Social development minister Carmel Sepuloni (Photo: Radio NZ / Rebekah Parsons-King)
Approached for comment on reports of migrant hardship, social development minister Carmel Sepuloni outlined several measures already taken to help those in need. An initial $27m has been provided to non-government organisations and community groups, and another $30m to bolster the delivery of Local Civil Defence Emergency Management relief. The Temporary Accommodation Service was resourced to house those who lack suitable self-isolation accommodation, and further funding of $37.6m, administered by the Red Cross, was aimed specifically at assisting foreign nationals with costs including rent, board and rent arrears.

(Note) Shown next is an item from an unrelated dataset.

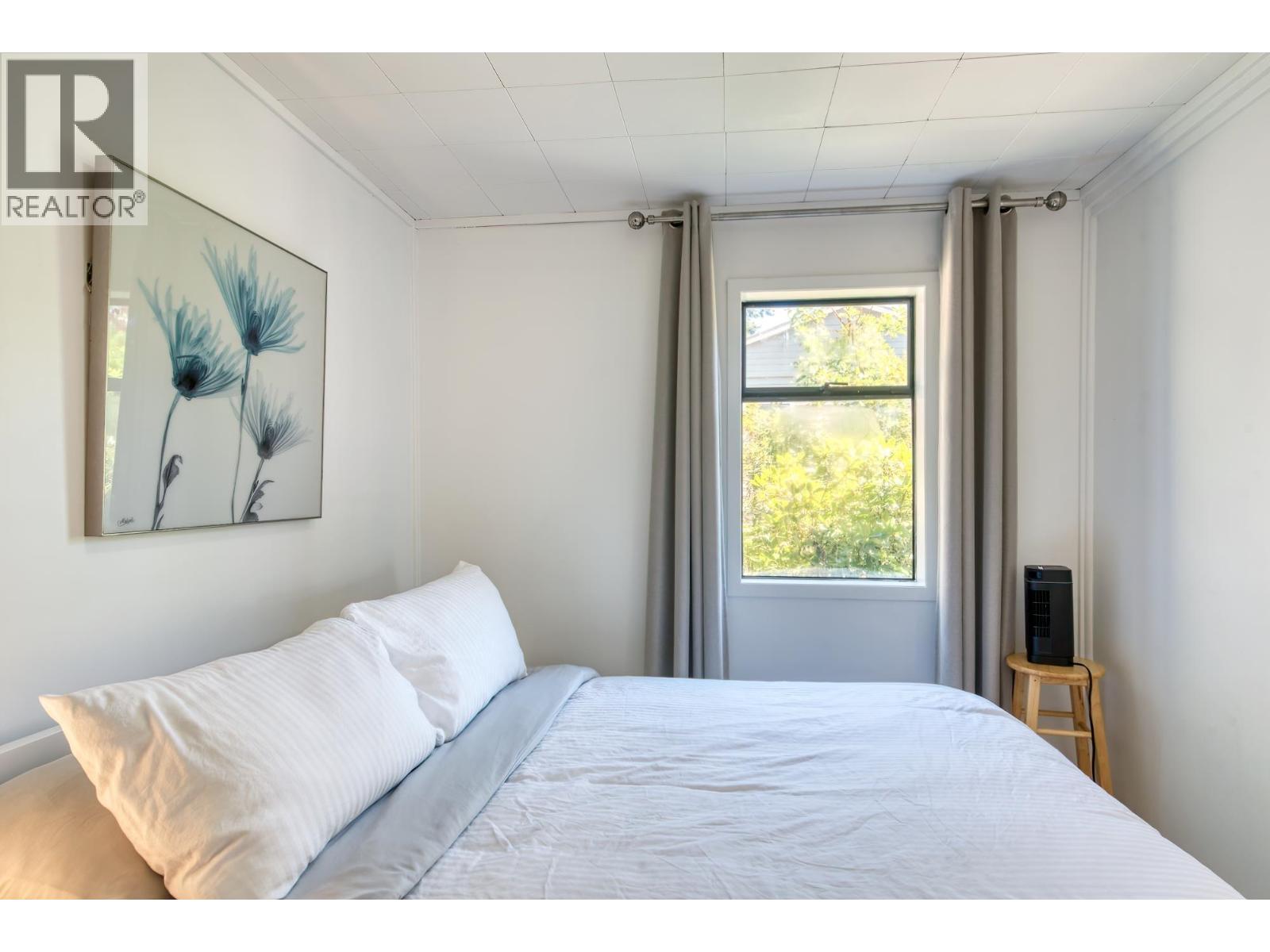 5625 O'brian Road, Halfmoon Bay, British Columbia  V7Z 1E9 - Photo 17 - R3039198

As for extending benefits, “unfortunately, in terms of any proposals to use section 64 we were unable to form a consensus with our coalition partner NZ First to use this specific provision to assist non-resident foreign nationals.”
She said the government is continuing to assess the situation and that any migrant experiencing financial difficulty should call 0800 REDCROSS (0800 733 276) or contact their embassy or consulate.
While welcoming the aid already provided, Kaloti says the funding received by community groups often does not cover the admin costs incurred, and much of it is not available to temporary visa holders anyway. She also notes the Human Rights Commission has declared the Red Cross package to be inadequate for the scale of the problem.
Asked by The Spinoff to respond to migrants’ requests for flexibility around visas, immigration minister Kris Faafoi said: “We are taking careful steps to safely reunite families and support economic recovery. The exceptions to the border closure that we have already announced support this.” Those with temporary visas and who normally live in New Zealand were “top of mind”, he said. However, many factors needed to be considered including the employment of New Zealanders, the availability of managed isolation at the border, and the availability of flights.
As for Romi Aggarwal, she just wants the government to be kind to migrants, both onshore and offshore. “I understand ‘Kiwis first’, but those New Zealand residents were once migrants too. And weren’t we a team of five million when the entire world was fighting the virus? If we were, why should you discriminate based on visas status now? Give us a time frame, give us some hope.”